The most abominable crime in their witches' brew of mischief was the destruction of 5,600 Enron employees' lives and $2.1 billion of their pensions. Imagine the dashed dreams of comfortable retirement, personal bankruptcies, mortgage foreclosures, and collapsed hopes of college educations.

Lay compounded his vile thievery with outlandish public lies--that Enron was flourishing even as he dumped millions of dollars in stock, and that he was utterly ignorant of financial chicanery behind his back, although he was paid tens of millions of dollars as boss to know and manage Enron's workings.

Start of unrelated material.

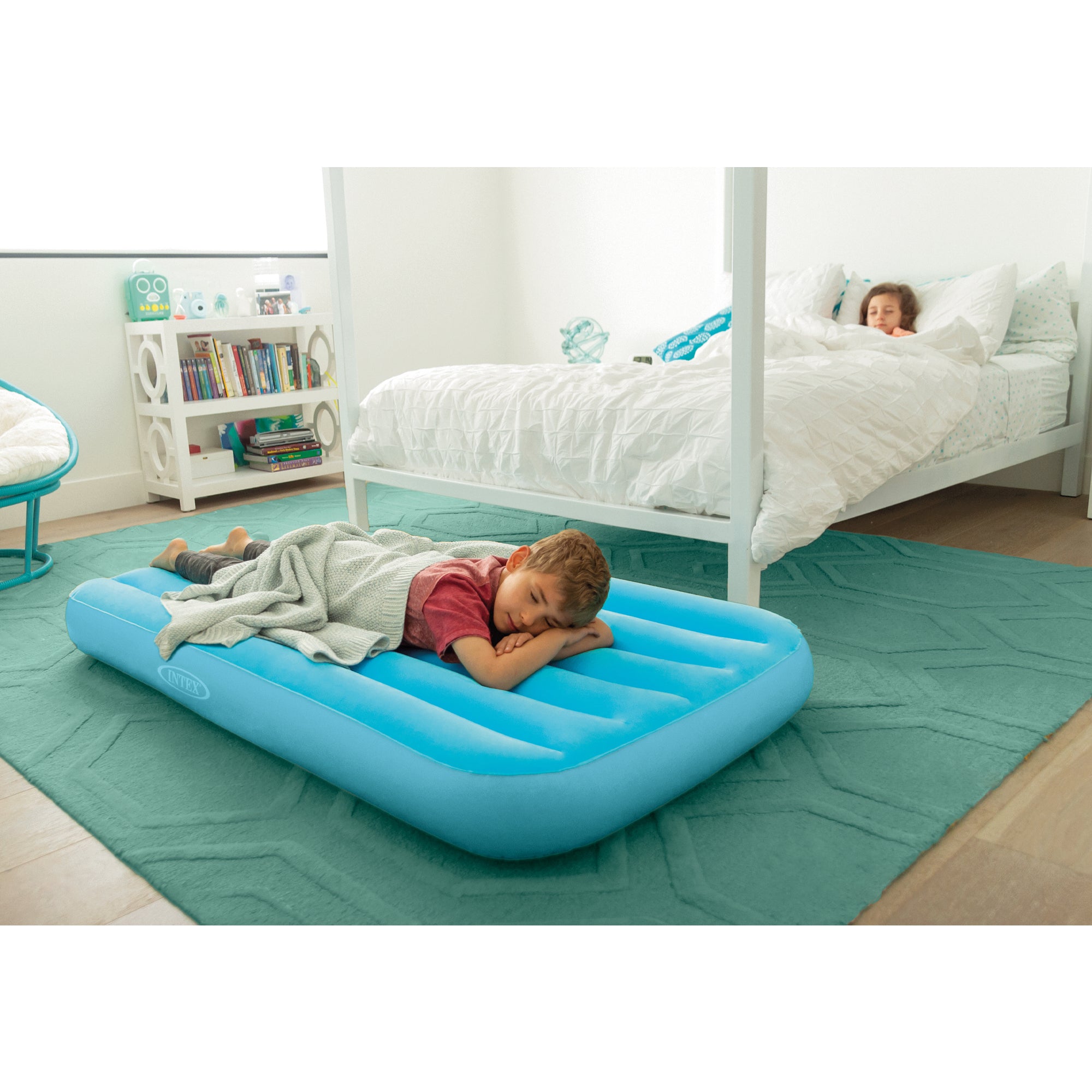 Intex Cozy Kidz Fun-Colored Inflatable Air Bed Mattress w/ Carry Bag (Used) - VMInnovations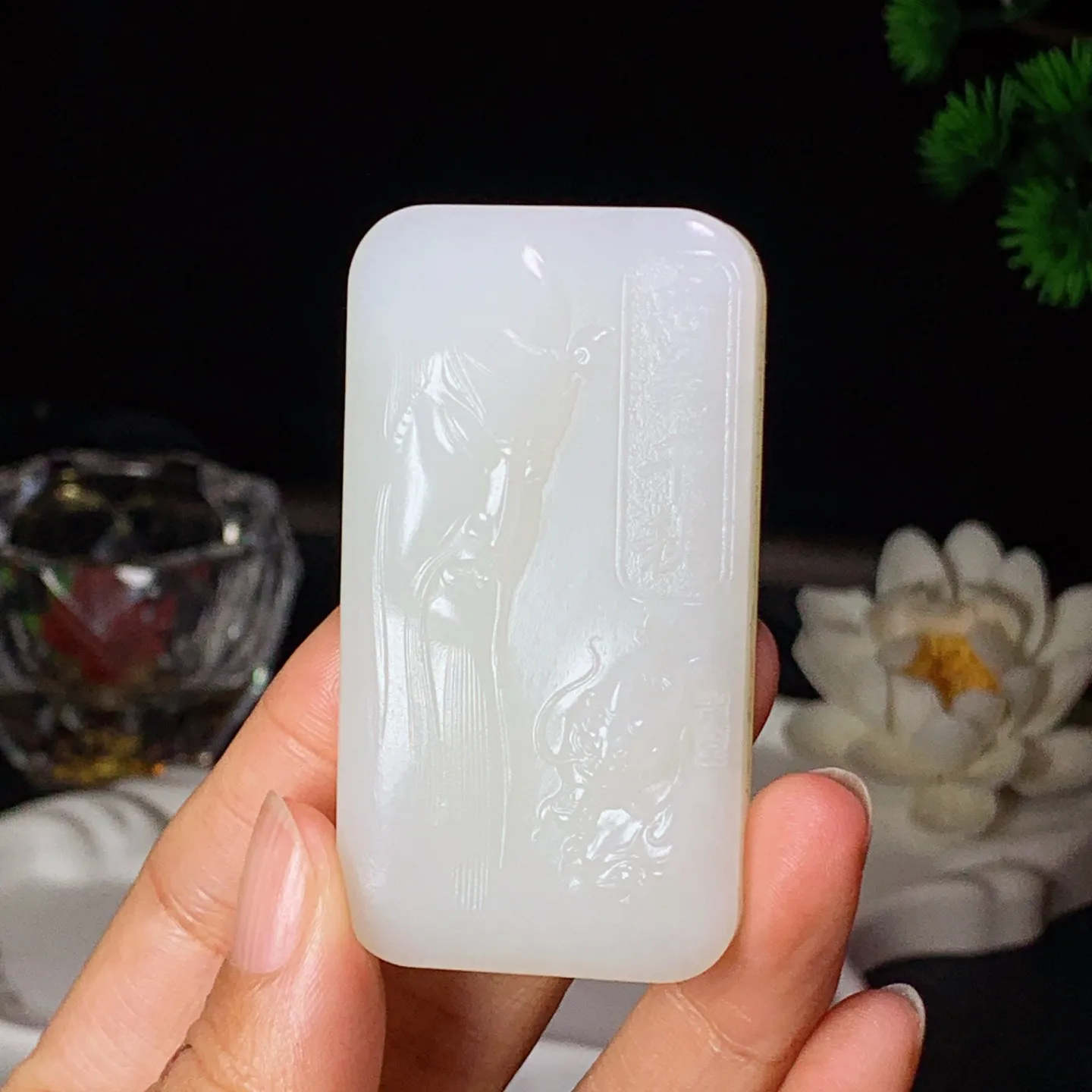 新疆和田玉羊脂白武财神关公牌子挂件 尺寸64/34/13mm重68克。玉质细腻油润。手推出油。品相大气 lt260121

With guilty verdicts against Lay and Skilling finally rendered, a tip of the hat is due the Bush Justice Department, which was relentless in its prosecution. Fears were raised early in the Enron scandal that President Bush, an acknowledged friend of "Kenny Boy" Lay and who accepted thousands of dollars in Lay political donations might interfere in the government's case. That didn't occur, happily.

Plundering Enron was but the most monumental example of vulgar, widespread corruption that has poisoned commerce and government in recent years.

Venal executives and politicians had a sense of invincibility and an almost regal entitlement to plunder for their comforts, perhaps convinced that law enforcement would be spotty and lax and risks of being caught therefore would be slight.

So, does the FBI's commendable record of more than 2,000 public corruption investigations in recent years and the spate of corporate CEOs taking the perp walk in handcuffs enroute to the slammer suggest that society finally is serious about striking at rot in the public place?

And will this discourage embryonic crooks-in-waiting? We shall see.

Heretofore, society has had a terrible record blotting out crime. But society can control wrongdoing and try to prevent its spread through proper laws, vigorous enforcement and certain punishment.

The best hope for maintaining a muscular assault on corruption is to elect officials who possess a lofty sense of ethical duty. Sadly, that line of defense against wrongdoing has revealed its own weak and sullied links.

However, this is an election year when voters could wisely forget narrow loyalties to red-state, blue-state doctrines, and commit themselves to candidates with loftier ideals of honesty and selfless statesmanship dedicated to the civic good.